Juliana Hatfield und der Indierock

Sein was man ist
Im Zuge der Grunge-Explosion stellt sich für viele Indie-Bands, die schon vorher mit im Spiel waren, die Sinnfrage. Die Verlockungen des internationalen Erfolgs beginnen sich mit der künstlerischen Integrität zu reiben, der große Tisch ist nicht für alle gemacht. Juliana Hatfield erlebt diese Zeit in exponierter Stellung, denn ihr Album “Become What You Are” ist 1993 ein echter Sommerhit. Es steht bis heute sinnbildlich für den Zwiespalt zwischen Wunsch und Wirklichkeit, der damals viele Bands ihre Unschuld kostet.
Juliana Hatfield by David Doobinin
Bis heute aktiv, seit langem unabhängig: Juliana Hatfield (Foto: David Doobinin)

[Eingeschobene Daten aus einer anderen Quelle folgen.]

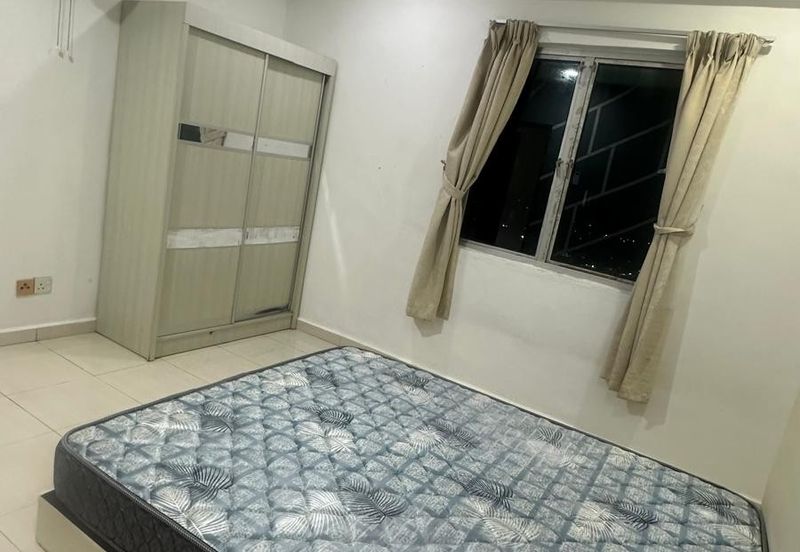 Bangunan Duta Impian (The Embassy Suites)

Als Mitte 1992 die MTV-Show “Alternative Nation” an den Start geht, wird mit dem Programm einer musikalischen Umorientierung Rechnung getragen, die man sich im Rückblick sehr umfassend vorstellen muss. Mit der ähnlich gelagerten Sendung “120 Minutes” hat es schon seit 1986 ein Musikvideo-Magazin gegeben, das eher nischige und unkommerzielle Künstler:innen ins Schaufenster stellt und auch das weniger urbane und szenekundige Publikum mit spannenden neuen Bands in Kontakt bringt. My Bloody Valentine, The Jesus And Mary Chain, Pixies, Hüsker Dü, Dinosaur Jr. und Dutzende andere haben vielleicht nicht die raffiniertesten Videoclips zu bieten, aber dafür einen frischen, originellen und herausfordernden Sound für all diejenigen, die schon mit 16 genug Bon Jovi für ein ganzes Leben gehört haben. Der kommerzielle Erfolg dieser Bands hält sich damals wie heute in eher überschaubarem Rahmen, ihre Ästhetik dagegen ebnet dem großen Grunge-Boom definitiv den Weg. Da entbehrt es nicht einer gewissen Ironie, dass schon der Name “Alternative Nation” auf ein Paradox hindeutet. Wenn das ganze Land plötzlich “alternativ” unterwegs ist, was genau soll dann eigentlich die Alternative zur Alternative sein?

Es ist belegt, dass Axl Rose damals mehrfach den Versuch unternimmt, Kurt Cobain zu beglückwünschen und für eine gemeinsame Tour mit Guns N’ Roses zu gewinnen. Davon will der Nirvana-Sänger aber nichts wissen. Er nutzt stattdessen die Gelegenheit, sich möglichst gründlich von den Hardrockern mit dem nicht gerade schmeichelhaften Frauenbild abzugrenzen. Damit mag er seinem eigenen Anspruch als alternativem und integrem – heute würde man wahrscheinlich “woke” dazu sagen – Rockidol gerecht werden, den Rückhalt der großen Käuferschichten hat er damit nicht. Die mögen an Grunge eben ganz besonders die aggressive Schweißnaht, an der sich Punk und Hardrock treffen und für ordentlich Triebabfuhr sorgen. College-Kids, die in Olympia, Washington oder Athens, Georgia ihre eigenen Indieszenen etabliert haben, bleiben zunehmend außen vor, denn Pearl Jam, Alice In Chains und Soundgarden, die anderen Lokalmatadore der Alternative Nation, können auch Jugendliche begeistern, die es in puncto Lebensanschauung ansonsten eher mit Beavis und Butt-Head halten.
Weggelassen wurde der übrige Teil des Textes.